▸ **Supplied data**
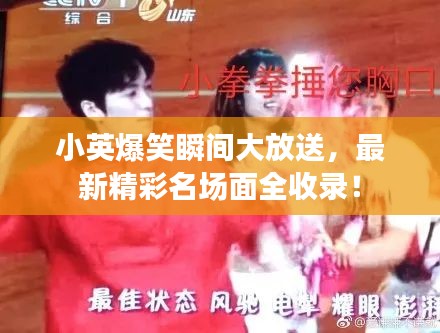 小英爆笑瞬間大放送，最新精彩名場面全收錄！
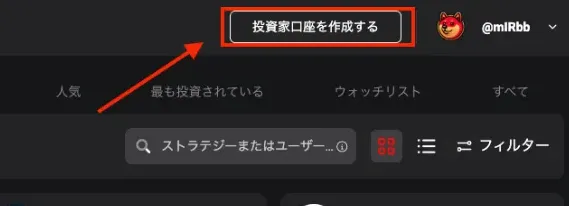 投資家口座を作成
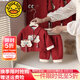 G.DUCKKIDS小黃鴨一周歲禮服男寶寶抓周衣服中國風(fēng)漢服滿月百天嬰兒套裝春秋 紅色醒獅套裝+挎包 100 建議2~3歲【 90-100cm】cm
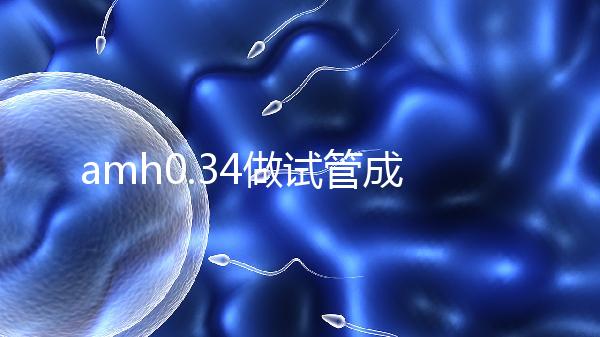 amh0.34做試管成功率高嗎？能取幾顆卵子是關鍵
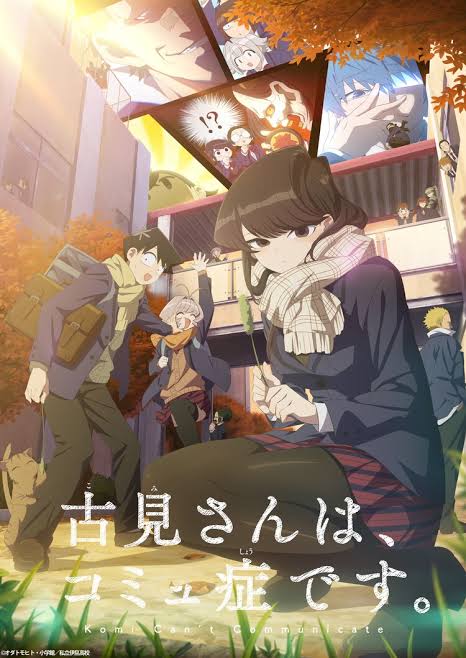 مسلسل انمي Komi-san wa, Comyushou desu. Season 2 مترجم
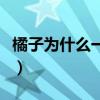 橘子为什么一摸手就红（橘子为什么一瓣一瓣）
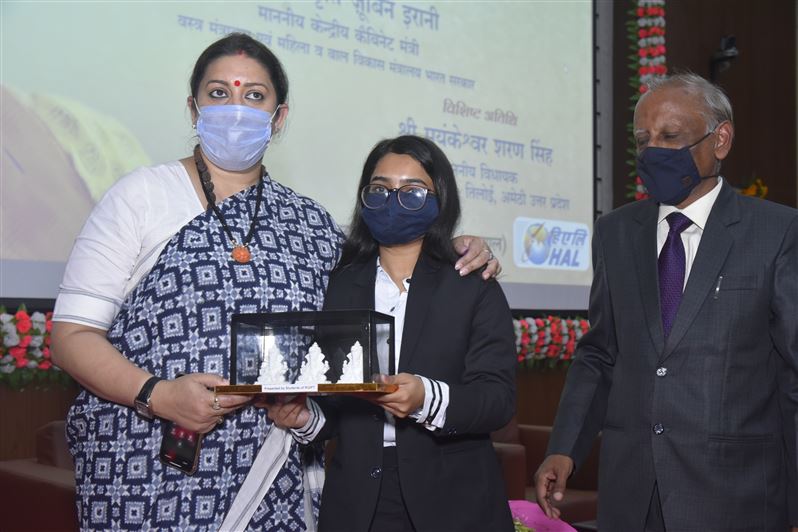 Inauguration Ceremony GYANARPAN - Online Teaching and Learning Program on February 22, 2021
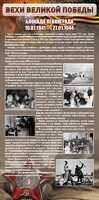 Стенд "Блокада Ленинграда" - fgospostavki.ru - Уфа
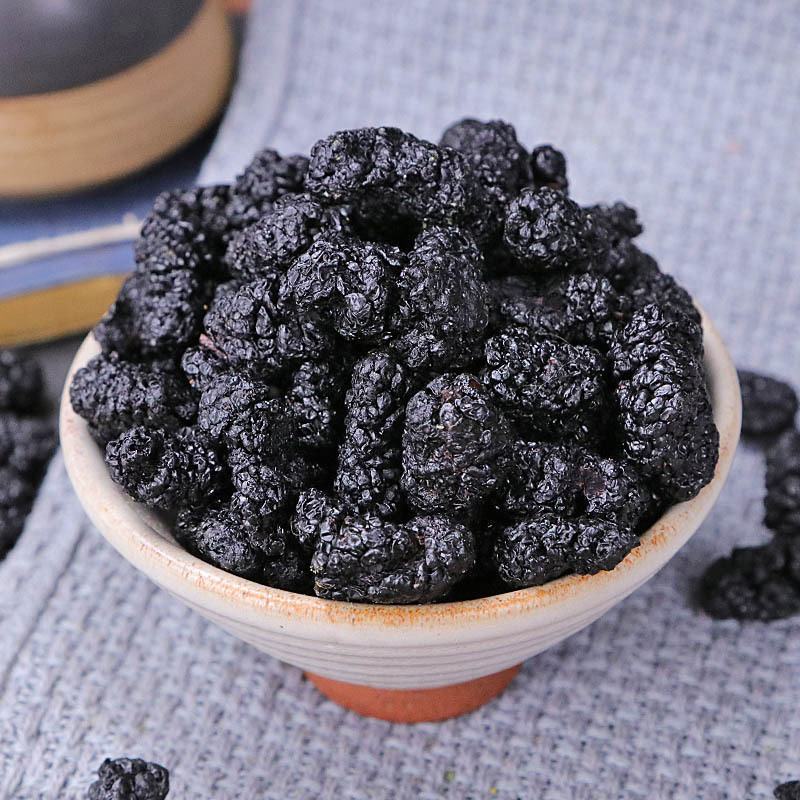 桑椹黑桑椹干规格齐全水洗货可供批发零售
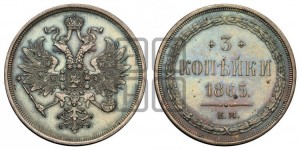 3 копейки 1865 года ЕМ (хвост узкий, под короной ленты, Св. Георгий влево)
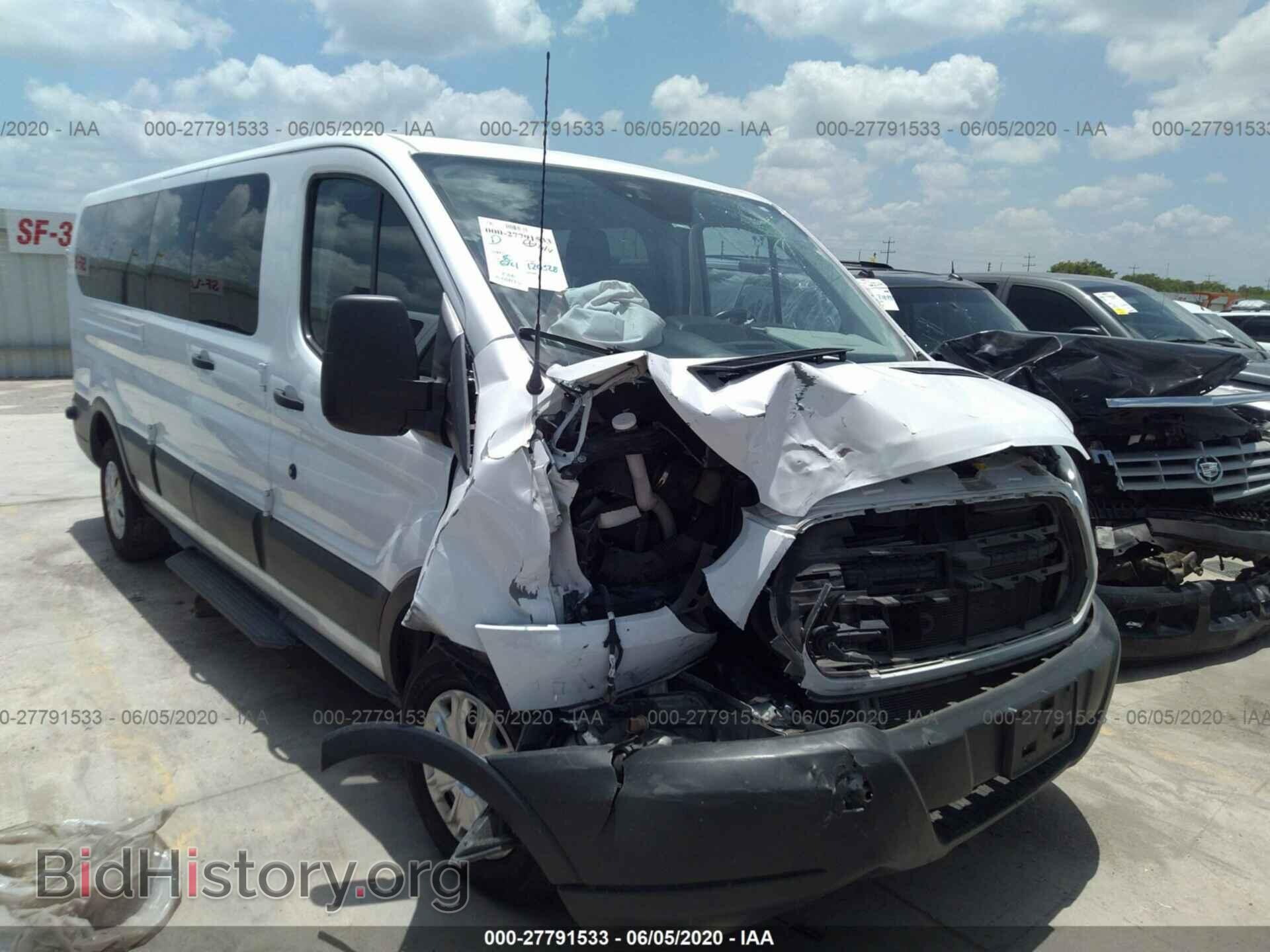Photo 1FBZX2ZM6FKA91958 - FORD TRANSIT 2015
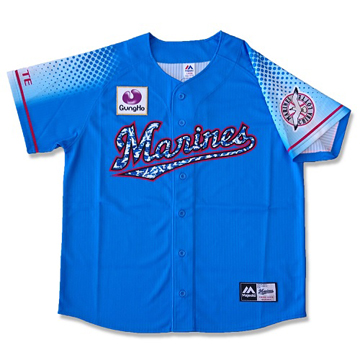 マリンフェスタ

...

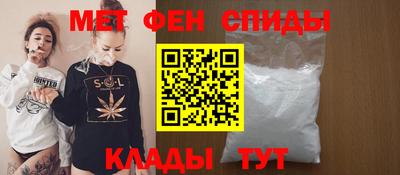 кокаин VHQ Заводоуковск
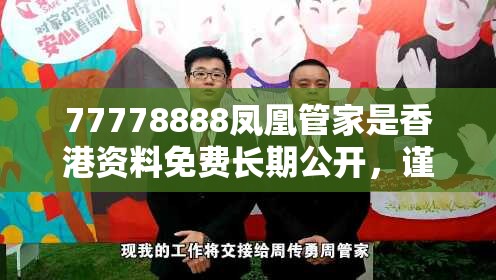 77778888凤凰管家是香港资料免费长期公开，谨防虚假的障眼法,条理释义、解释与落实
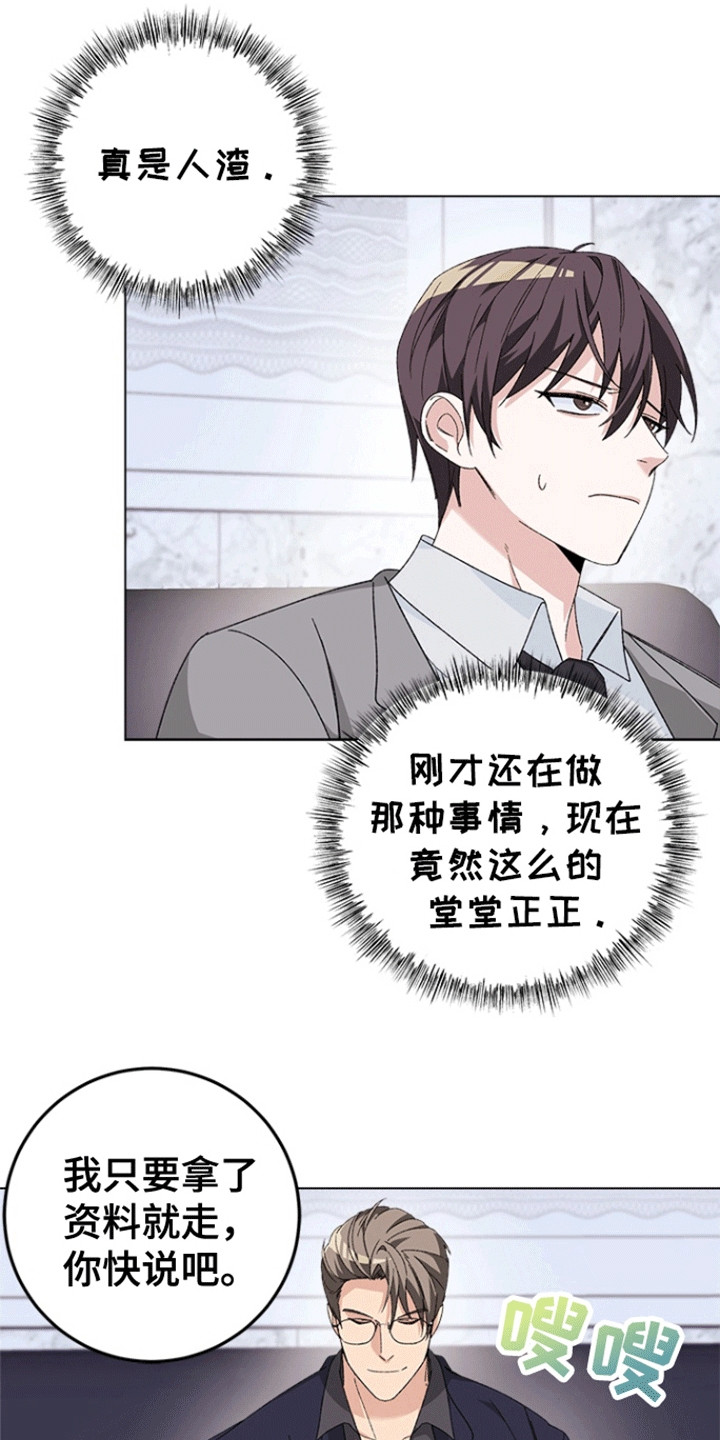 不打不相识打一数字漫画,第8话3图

==

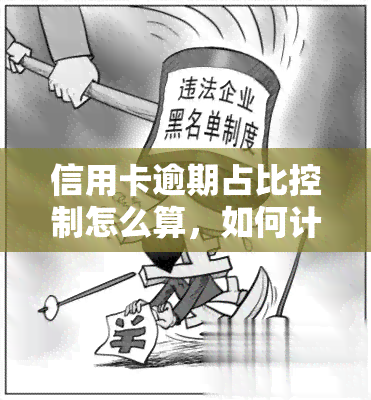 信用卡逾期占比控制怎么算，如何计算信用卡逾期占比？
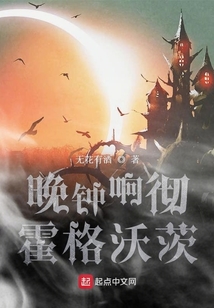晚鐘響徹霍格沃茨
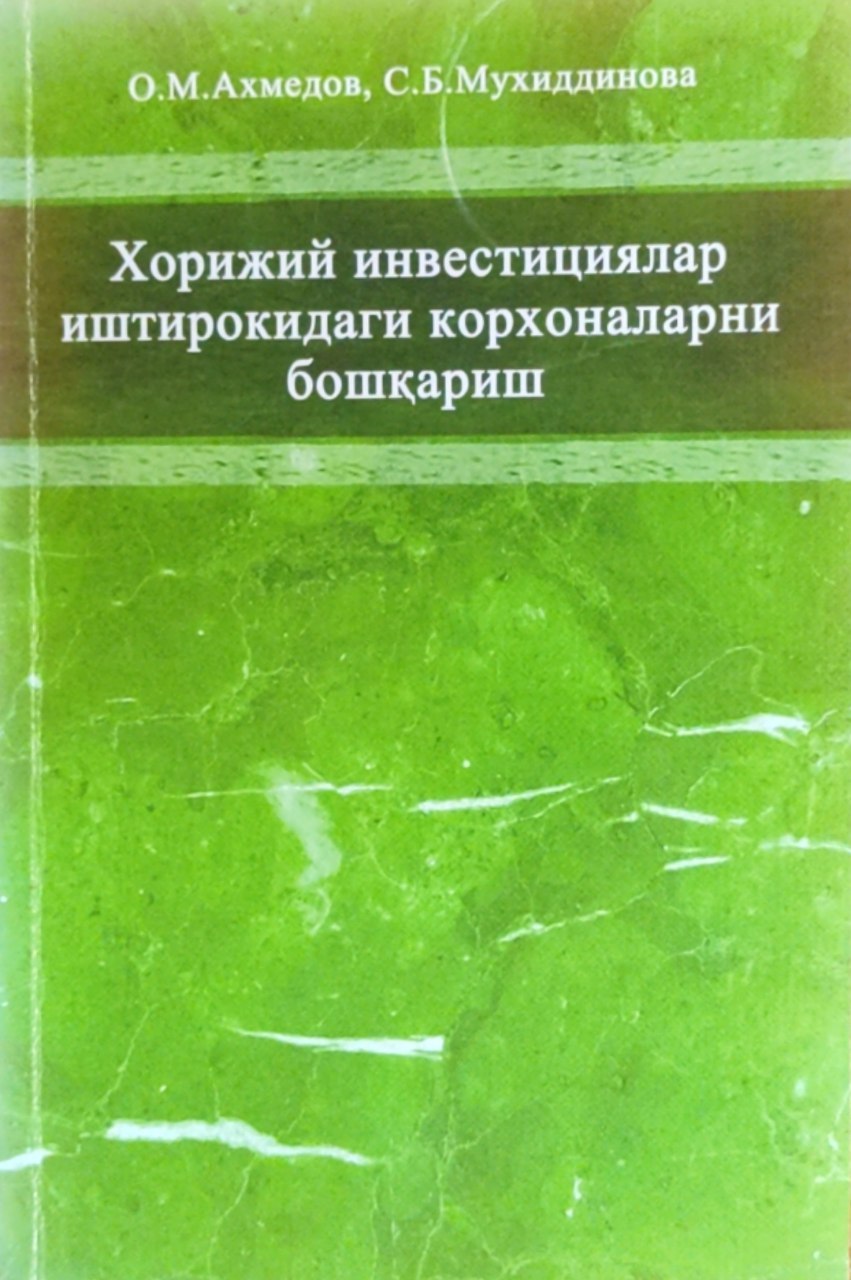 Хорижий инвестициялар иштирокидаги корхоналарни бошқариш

▸ **Activity**
From the records above, quote word for word only the lines beginning at the line that has "小英爆笑瞬間大放送，最新精彩名場面全收錄！" and stopping after the line that has "橘子为什么一摸手就红（橘子为什么一瓣一瓣）". Omit the pictures.

▸ **Solved exercise**
 小英爆笑瞬間大放送，最新精彩名場面全收錄！
 投資家口座を作成
 G.DUCKKIDS小黃鴨一周歲禮服男寶寶抓周衣服中國風(fēng)漢服滿月百天嬰兒套裝春秋 紅色醒獅套裝+挎包 100 建議2~3歲【 90-100cm】cm
 amh0.34做試管成功率高嗎？能取幾顆卵子是關鍵
 مسلسل انمي Komi-san wa, Comyushou desu. Season 2 مترجم
 橘子为什么一摸手就红（橘子为什么一瓣一瓣）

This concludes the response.